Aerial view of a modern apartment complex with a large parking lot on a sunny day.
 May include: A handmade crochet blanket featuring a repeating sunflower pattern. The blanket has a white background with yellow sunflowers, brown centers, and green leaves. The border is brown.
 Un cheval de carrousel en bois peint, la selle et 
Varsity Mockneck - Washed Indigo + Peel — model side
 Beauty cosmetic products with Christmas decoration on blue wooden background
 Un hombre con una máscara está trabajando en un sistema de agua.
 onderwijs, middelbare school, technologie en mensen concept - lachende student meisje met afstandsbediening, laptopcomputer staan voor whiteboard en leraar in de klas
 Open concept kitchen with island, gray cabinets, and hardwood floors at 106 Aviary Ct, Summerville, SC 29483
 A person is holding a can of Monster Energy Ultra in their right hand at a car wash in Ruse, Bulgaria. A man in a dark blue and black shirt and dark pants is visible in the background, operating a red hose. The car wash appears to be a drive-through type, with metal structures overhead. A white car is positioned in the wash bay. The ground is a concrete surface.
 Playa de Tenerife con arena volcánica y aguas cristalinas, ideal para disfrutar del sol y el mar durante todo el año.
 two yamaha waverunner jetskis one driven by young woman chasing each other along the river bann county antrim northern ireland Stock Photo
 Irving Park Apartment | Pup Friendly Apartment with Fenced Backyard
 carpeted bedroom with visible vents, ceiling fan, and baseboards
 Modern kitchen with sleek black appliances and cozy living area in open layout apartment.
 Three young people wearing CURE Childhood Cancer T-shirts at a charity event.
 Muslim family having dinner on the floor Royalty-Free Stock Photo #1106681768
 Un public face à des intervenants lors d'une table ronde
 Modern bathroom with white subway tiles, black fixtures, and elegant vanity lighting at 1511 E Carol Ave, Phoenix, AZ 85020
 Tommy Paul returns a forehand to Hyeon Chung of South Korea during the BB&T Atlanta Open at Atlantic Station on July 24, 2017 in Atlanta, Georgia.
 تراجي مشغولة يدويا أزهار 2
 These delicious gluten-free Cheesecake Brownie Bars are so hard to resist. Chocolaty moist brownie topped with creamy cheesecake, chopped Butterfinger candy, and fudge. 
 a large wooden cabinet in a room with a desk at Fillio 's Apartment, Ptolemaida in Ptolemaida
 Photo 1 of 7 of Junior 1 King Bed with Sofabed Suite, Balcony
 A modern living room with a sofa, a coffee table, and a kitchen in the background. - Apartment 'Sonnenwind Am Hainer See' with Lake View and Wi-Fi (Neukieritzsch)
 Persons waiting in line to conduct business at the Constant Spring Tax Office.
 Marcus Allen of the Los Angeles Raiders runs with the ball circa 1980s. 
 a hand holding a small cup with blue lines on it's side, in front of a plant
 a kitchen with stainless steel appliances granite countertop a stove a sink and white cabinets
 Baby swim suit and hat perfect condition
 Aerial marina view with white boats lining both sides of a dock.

++++++++

→ **Work instructions**:
Could you print, exactly and with nothing else, the lines from the one containing "a kitchen with" through the last line of the records above?

→ **Problem solution**:
 a kitchen with stainless steel appliances granite countertop a stove a sink and white cabinets
 Baby swim suit and hat perfect condition
 Aerial marina view with white boats lining both sides of a dock.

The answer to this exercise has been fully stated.